A linha do tempo, segundo a ação: em dezembro de 2025, executivos da Netflix demonstraram interesse em comprar o filme; em junho, pediram um corte de trabalho para avaliação interna. No dia 15 de junho, um produtor associado entregou o disco em mãos no escritório da empresa, no Sunset Bronson Studios. Avisou verbalmente que o DCP — o pacote usado para entregar filmes para exibição — estava sem criptografia e pediu que os arquivos fossem apagados depois da sessão. Em 25 de junho, um e-mail de um executivo da Netflix informou que vários discos tinham sido furtados das mesas do escritório. Um deles tinha "Fortitude".
A Netflix contesta. Em nota, a empresa diz que não assume o risco pela perda de um filme entregue sem as proteções padrão da indústria e lembra que não detém os direitos de "Fortitude" — era uma compradora em potencial avaliando material de terceiros. Afirma ter investigado o caso e oferecido monitorar sites de pirataria, e diz ter deixado de compartilhar detalhes da apuração porque os advogados de Afram teriam tentado extorquir dinheiro — exigindo de cara US$ 165 milhões pelo filme em vez de negociar de boa-fé (traduções nossas).
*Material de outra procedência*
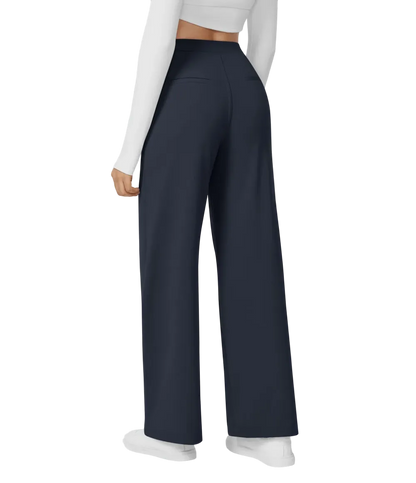 High Waisted Pocket Straight Leg Work Pants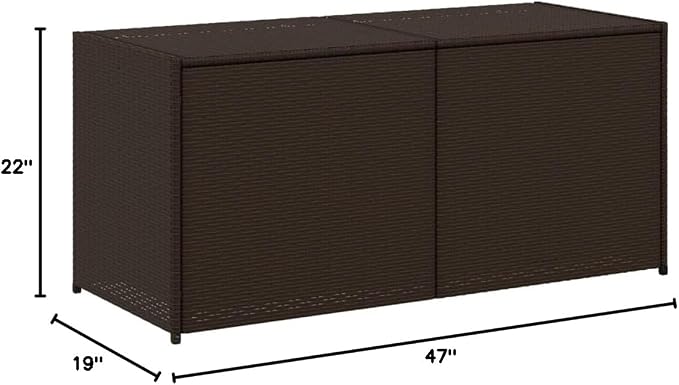 74.8 Gal Brown PE Rattan Garden Storage Box with Water-Resistant Bag, Durable Steel Frame Large Outdoor Deck Box for Patio Furniture, Pool Toys, Cushions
No meio dos dois relatos está uma discussão que quase nunca aparece: de quem é o risco quando um filme viaja dentro de um HD. A produção alega ter investido mais de US$ 45 milhões e sete anos, e que o furto destruiu a exclusividade — o ativo que sustenta o preço de um inédito. A Netflix aponta que o padrão do setor é link protegido ou DCP criptografado com chave. Segundo fontes da empresa citadas pela Variety, não há sinal de que o filme tenha vazado; não há confirmação independente disso nem decisão judicial no caso. Cage não é parte no processo.
Quando um filme inédito troca de mãos num disco, quem responde pelo disco?